Electronically stored information (“ESI”) is a legal term broadly defined as any data or documents created or stored on electronic media. Examples include word processing documents; spreadsheets; digital photographs; videos; emails and their attachments; text and instant messages; communications conducted in ephemeral messaging applications or in workplace collaboration tools[1]; call logs; voicemails; information stored in databases; electronic records of online activity, such as social media postings and other activity; data generated or stored by devices connected to the Internet of Things (IoT).

In litigation, the parties must preserve relevant ESI. The obligation is triggered when a party has notice that the evidence is relevant to litigation or when a party should have known that the evidence may be relevant to future litigation.[2] This includes that parties must take reasonable steps to preserve ESI from ephemeral messaging applications and other messaging apps.

In a recent decision by the United States District Court in Arizona, Fast v. Godaddy.com LLC, 2:20-cv-01448-DGC (D. Ariz. Feb. 3, 2022), the district court dealt with the issue of ESI being destroyed.[3] The Fast case revolved around the plaintiff’s sex and disability discrimination claims. At the end of discovery, it was learned that the plaintiff failed to produce relevant messages from Facebook messenger and Telegram. Defendants claimed that the plaintiff knowingly deleted relevant information from her electronic devices and accounts. They sought sanctions under Federal Rules of Civil Procedure 37 for spoliation of ESI.

The court in Fast found that after the duty to preserve ESI had started, the plaintiff exchanged several hundred relevant messages on Facebook messenger and Telegram. Plaintiff’s attorney failed to follow up with her client regarding the identification and preservation of those messages, the messages were not disclosed to the plaintiff’s counsel, and they were not produced in response to the defendants’ discovery demands.

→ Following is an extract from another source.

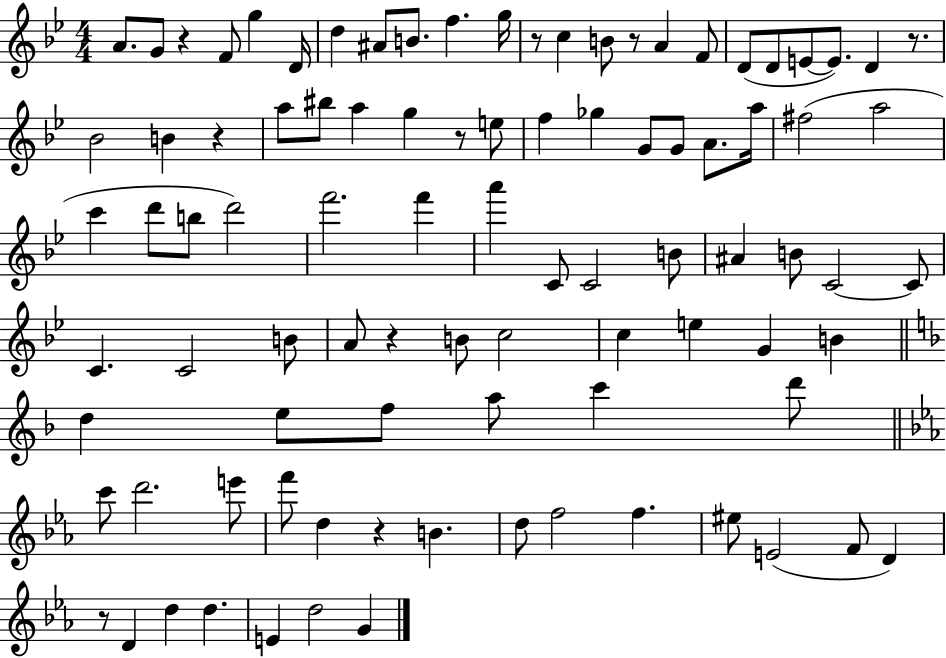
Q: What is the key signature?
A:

More importantly, the court found that plaintiff used the “unsend” feature on Telegram and Facebook Messenger to erase the messages from the receivers’ accounts and deleted posts on her Facebook accounts. The court found evidence showing that this conduct of deleting messages was done so with an intent to deprive defendants of their use.

The court’s decision sheds light on the need for attorneys and their clients to act to identify and preserve all relevant ESI as soon as possible. In addition, counsel needs to be aware of whether their clients are using applications with automatic disposition features and take the steps to preserve those messages.

[1] A type of multiple messaging application that allows users to automate the destruction of in–app content in both the sender’s and recipient’s accounts (i.e. Snapchat).

[2] See Champions World, LLC v. U.S. Soccer Fed’n, 276 F.R.D. 577, 582 (N.D. Ill. 2011) (plaintiff’s duty to preserve arose approximately two years before filing suit, when the plaintiff investigated possible claims against the defendant); Barsoum v. N.Y.C. Hous. Auth., 202 F.R.D. 396, 400 (S.D.N.Y. 2001) (duty arose 16 months before litigation when plaintiff was receiving assistance of counsel and it was foreseeable that ESI would be relevant to future litigation).

[3] A full copy of the Court’s decision can be found here.